Exercise prompt>
Drop every picture, then repeat the records exactly.

(Extracted records)
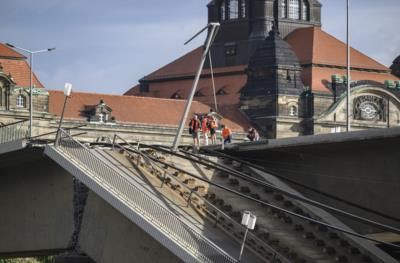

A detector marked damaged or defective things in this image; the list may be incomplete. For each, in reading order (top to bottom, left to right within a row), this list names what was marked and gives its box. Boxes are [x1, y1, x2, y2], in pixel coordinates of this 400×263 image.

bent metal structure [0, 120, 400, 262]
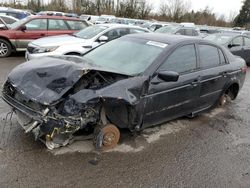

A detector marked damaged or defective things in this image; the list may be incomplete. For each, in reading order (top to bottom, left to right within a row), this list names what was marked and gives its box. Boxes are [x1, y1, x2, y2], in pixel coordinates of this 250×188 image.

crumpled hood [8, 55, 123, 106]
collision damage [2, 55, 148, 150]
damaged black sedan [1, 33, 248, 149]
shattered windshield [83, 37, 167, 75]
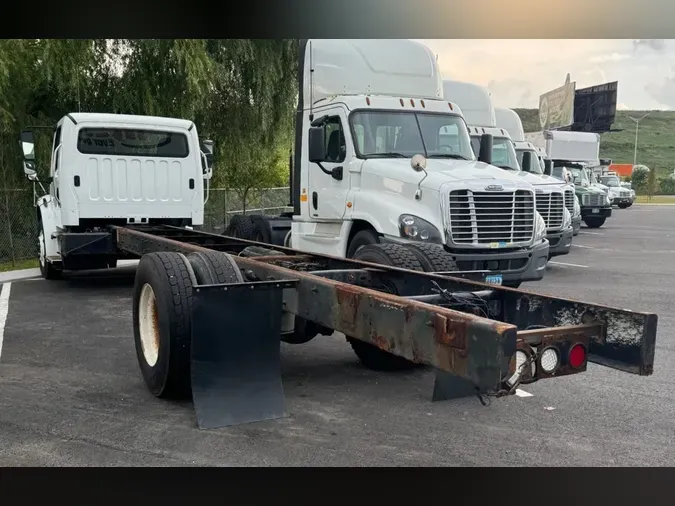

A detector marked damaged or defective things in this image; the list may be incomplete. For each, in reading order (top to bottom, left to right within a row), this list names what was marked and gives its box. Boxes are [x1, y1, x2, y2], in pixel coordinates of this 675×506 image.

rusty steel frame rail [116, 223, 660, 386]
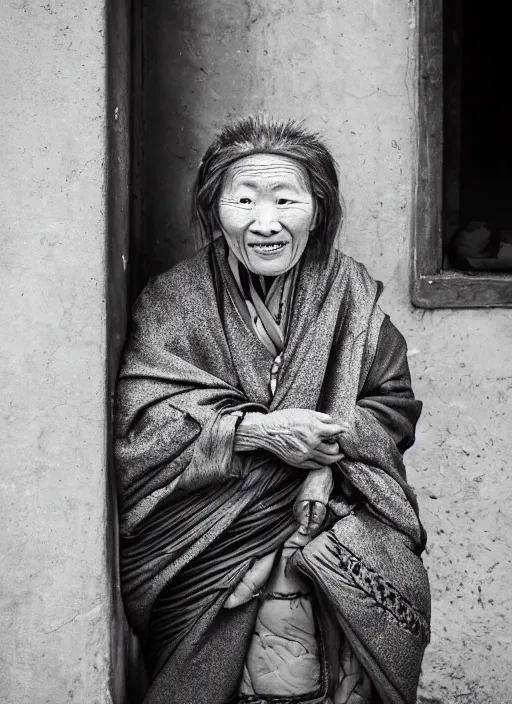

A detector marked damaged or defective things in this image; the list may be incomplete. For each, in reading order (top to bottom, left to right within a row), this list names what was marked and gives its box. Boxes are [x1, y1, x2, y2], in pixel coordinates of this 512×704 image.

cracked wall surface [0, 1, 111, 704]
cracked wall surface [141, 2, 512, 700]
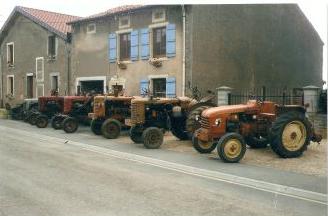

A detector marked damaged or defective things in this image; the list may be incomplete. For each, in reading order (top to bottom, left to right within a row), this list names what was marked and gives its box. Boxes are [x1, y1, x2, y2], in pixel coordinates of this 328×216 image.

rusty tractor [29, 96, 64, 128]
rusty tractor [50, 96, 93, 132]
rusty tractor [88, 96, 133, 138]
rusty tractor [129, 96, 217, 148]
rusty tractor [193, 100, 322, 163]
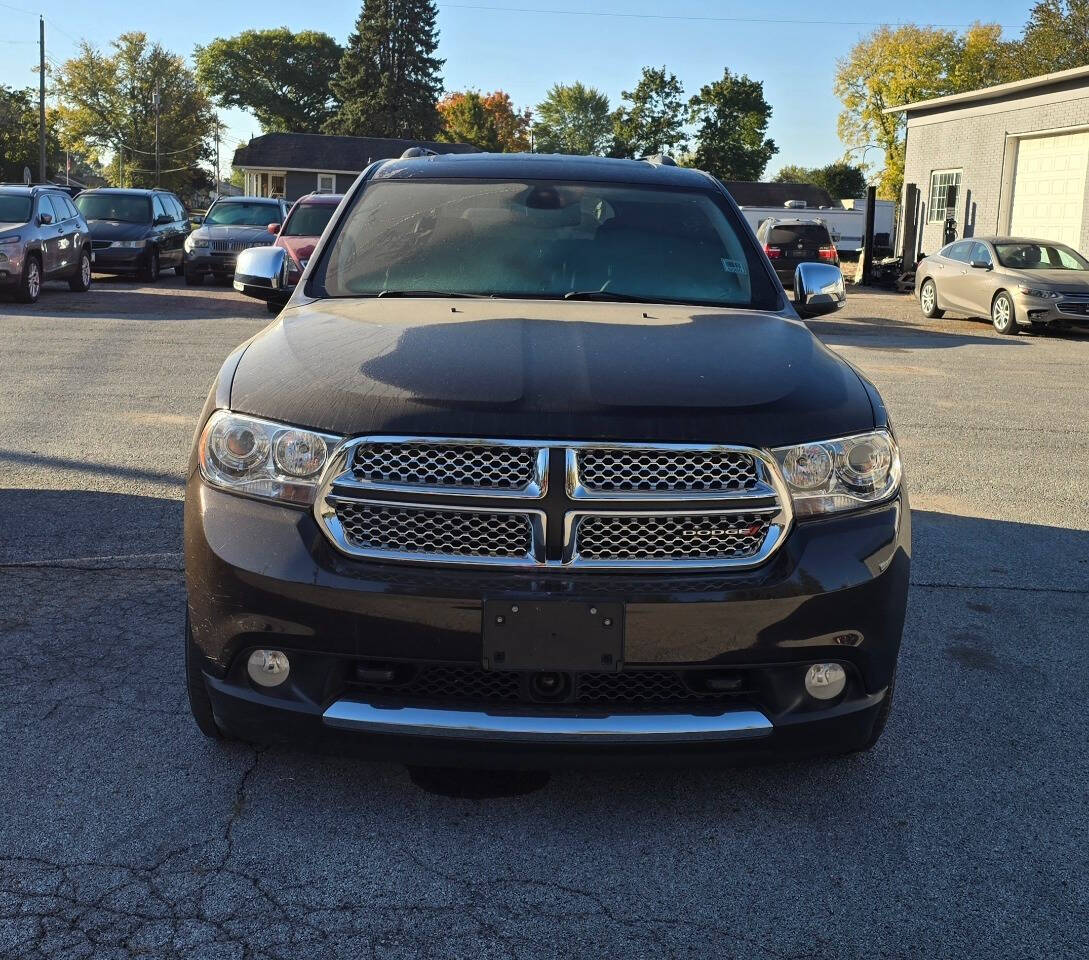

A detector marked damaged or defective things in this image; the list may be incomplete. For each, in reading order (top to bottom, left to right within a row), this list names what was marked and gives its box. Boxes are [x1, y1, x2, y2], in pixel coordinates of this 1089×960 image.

Exercise answer>
A detector marked damaged or defective things in this image; the list may be incomplete. For each, in reading order (top to bottom, left to right within a row), this list names what was marked and gives its box. Boxes are [x1, y1, x2, y2], in pixel coordinates of this 400×263 image.

bent metal structure [0, 120, 400, 262]

A detector marked damaged or defective things in this image; the list may be incomplete. For each, in reading order (top to bottom, left to right within a row), this list names what was marked and gives its box. Boxes are [x1, y1, x2, y2], in pixel coordinates of this 250×188 image.

crumpled hood [8, 55, 123, 106]
collision damage [2, 55, 148, 150]
damaged black sedan [1, 33, 248, 149]
shattered windshield [83, 37, 167, 75]

A detector marked damaged or defective things in this image; the list may be incomplete. For each, in reading order (top to bottom, left to right within a row), this list names what was marked and gives its box. Boxes are [x1, y1, x2, y2], in pixel coordinates of this 675×506 image.

rusty steel frame rail [116, 223, 660, 386]

A detector marked damaged or defective things in this image; the list may be incomplete. For each, in reading order (top to bottom, left to right within a row), this list names what was marked and gives its box. Boxes are [x1, y1, x2, y2], in pixel coordinates of this 512×704 image.

cracked wall surface [0, 1, 111, 704]
cracked wall surface [141, 2, 512, 700]

A detector marked damaged or defective things in this image; the list may be incomplete. For each, in reading order (top to bottom, left to right within a row), this list names what was marked and gives its box. Boxes are [x1, y1, x2, y2], in pixel coordinates of this 328×216 image.

rusty tractor [29, 96, 64, 128]
rusty tractor [50, 96, 93, 132]
rusty tractor [88, 96, 133, 138]
rusty tractor [129, 96, 217, 148]
rusty tractor [193, 100, 322, 163]

A detector marked damaged or defective things in this image; the list may be incomplete. For each, in reading order (top to bottom, left to right within a row), this list names what was marked and gives its box. Boxes are [x1, y1, x2, y2], in pixel coordinates of this 1089×960 image.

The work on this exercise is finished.